The five defendants, Kyle Dudzinski, Luke Papendick, Charles Rommel, David Ingraham, and Jacob Pearce, had been top swimmers for U-Va. before a freshman recruited to the program, Anthony Marcantonio, experienced what his lawyers described as a five-hour nightmare during “Welcome Week” that involved threats of sodomy and the forced consumption of large amounts of milk, prune juice and a live goldfish.

The lawsuit had been filed in federal court in Charlottesville, Va. In settling, the five defendants denied liability, and Marcantonio’s lawyers agreed to dismiss the lawsuit. In a joint statement, all parties to the case said the swimmers wanted to resolve it “solely to avoid further unnecessary litigation costs.” No additional details of the settlement agreement were released.

U-Va. officials suspended the five upperclassman swimmers from competition at the time the allegations surfaced, in fall 2014. Dudzinski and Papendick then transferred to the University of Michigan; Ingraham, Pearce and Rommel graduated from U-Va. in 2015. Marcantonio left the school during his freshman year and now swims for Northwestern University.

“The defendants acknowledge that the Welcome Week experience caused the plaintiff hardship and for that the defendants apologize,” the lawyers wrote in the joint statement.

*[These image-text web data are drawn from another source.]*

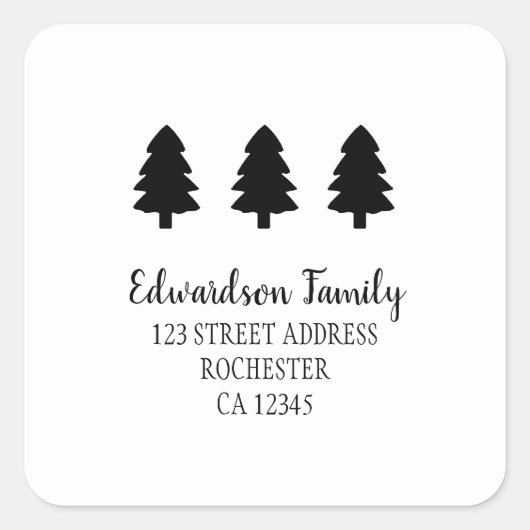 Rustieke zwarte pijnbomen adres Self-inking Stamp Vierkante Sticker (Voorkant)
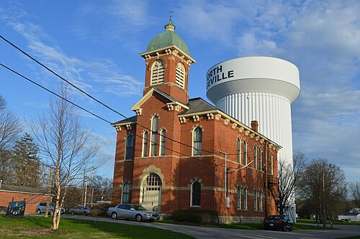 North Ridgeville, Ohio City Hall (built 1882) with the town's water tower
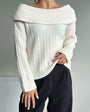Legerer Gestrickter Pullover mit Einer Schulter - LuxeOne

Charlottesville Commonwealth’s Attorney Warner “Dave” Chapman declined to pursue charges against the swimmers after investigating the incident. Chapman told local media outlets that he decided not to prosecute the case because Marcantonio had not suffered any apparent physical injuries and because police failed to turn up evidence of a crime.

The lawyers for the five swimmers wrote in court documents that “Welcome Week” events of August 2014 were merely a continuation of an annual tradition for the men of the swim team. But what began as a night meant to forge bonds and brotherhood among the athletes descended into mayhem, Marcantonio’s lawyers wrote in their lawsuit.

The first hint of what awaited the freshmen came in an e-mail that instructed them to show up on Aug. 27 for “Welcome Week” at the Swim House, a two-story brick residence in Charlottesville that the men’s team used as an off-campus residence and site for parties.

“I am Mr. Mean, and what I say, goes,” the message began. “When I call, you come running; when I talk, you shut the f— up and listen; when I sneeze, you get on your bony knees and lick the floor spotless.”

The e-mail also included vile threats of violence against the swimmers’ loved ones and against them directly, warning that if they told anyone about the meeting or what happened at it, they would be brutalized.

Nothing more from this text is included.